The algorithm requires linear (O(n)) time and is in-place. The original algorithm generates as compact a tree as possible: all levels of the tree are completely full except possibly the bottom-most. The modification (by S/W) generates a complete binary tree, namely one in which the bottom-most level is filled strictly from left to right. This is a useful transformation to perform if it is known that no more inserts will be done.
Left child-right sibling binary tree
In computer science, a left child-right sibling binary tree is a binary tree representation of a k-ary tree. The process of converting from a k-ary tree to an LC-RS binary tree is not reversible in general without additional information.
To form a binary tree from an arbitrary k-ary tree by this method, the root of the original tree is made the root of the binary tree. Then, starting with the root, each node's leftmost child in the original tree is made its left child in the binary tree, and its nearest sibling to the right in the original tree is made its right child in the binary tree.
If the original tree was sorted, the new tree will be a binary search tree.
Trie or prefix tree

A trie, or prefix tree, is an ordered tree data structure that is used to store an associative array where the keys are usually strings. Unlike a binary search tree, no node in the tree stores the key associated with that node; instead, its position in the tree shows what key it is associated with. All the descendants of a node have a common prefix of the string associated with that node, and the root is associated with the empty string. Values are normally not associated with every node, only with leaves and some inner nodes that correspond to keys of interest.
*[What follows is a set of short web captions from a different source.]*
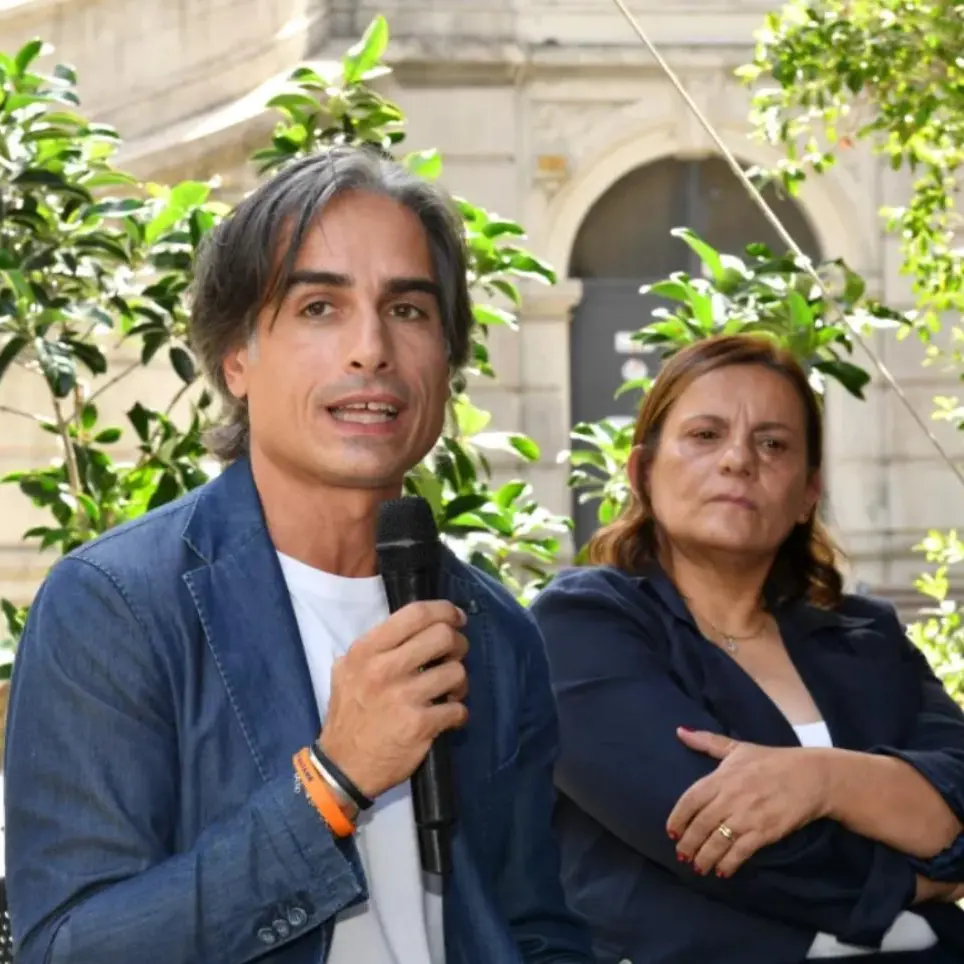 Reggio, il Comune\u00A0aderisce alla campagna «Go Blue» di ANCI e UNICEF: centrali i\u00A0diritti dei minori nelle politiche sociali\n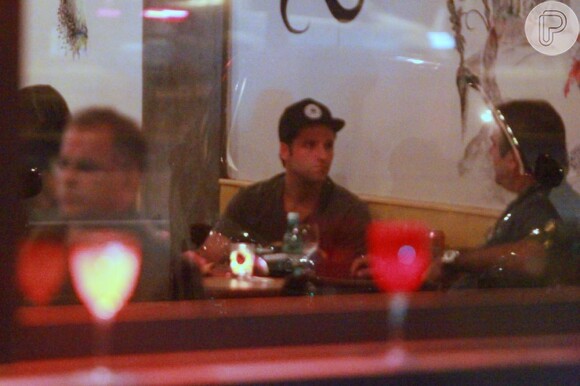 Bruno Gagliasso é fotografado em restaurante japonês, no Rio de Janeiro, acompanhado de amigo, em 11 de agosto de 2013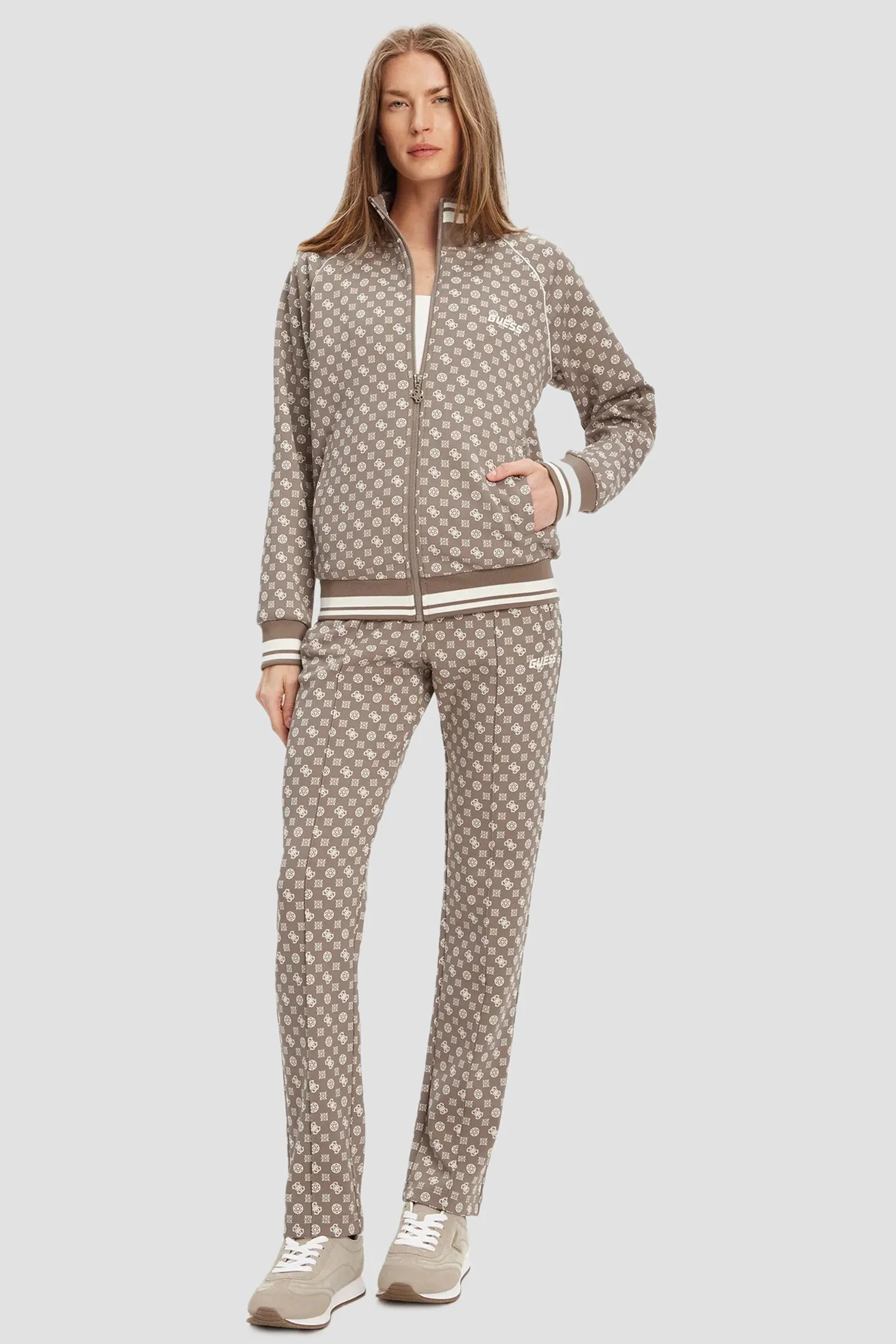 Женские бежевые спортивные брюки с узором 2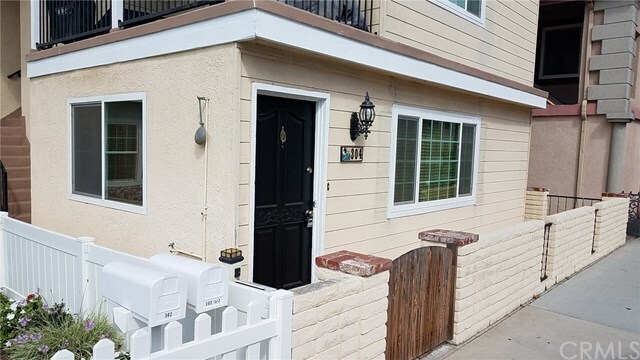 Primary Photo - 304 E Balboa Blvd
In the example shown, keys are listed in the nodes and values below them. Each complete English word has an arbitrary integer value associated with it. A trie can be seen as a deterministic finite automaton, although the symbol on each edge is often implicit in the order of the branches.
It is not necessary for keys to be explicitly stored in nodes. (In the figure, words are shown only to illustrate how the trie works.)
Though it is most common, tries need not be keyed by character strings. The same algorithms can easily be adapted to serve similar functions of ordered lists of any construct, e.g., permutations on a list of digits or shapes. In particular, a bitwise trie is keyed on the individual bits making up a short, fixed size of bits such as an integer number or pointer to memory.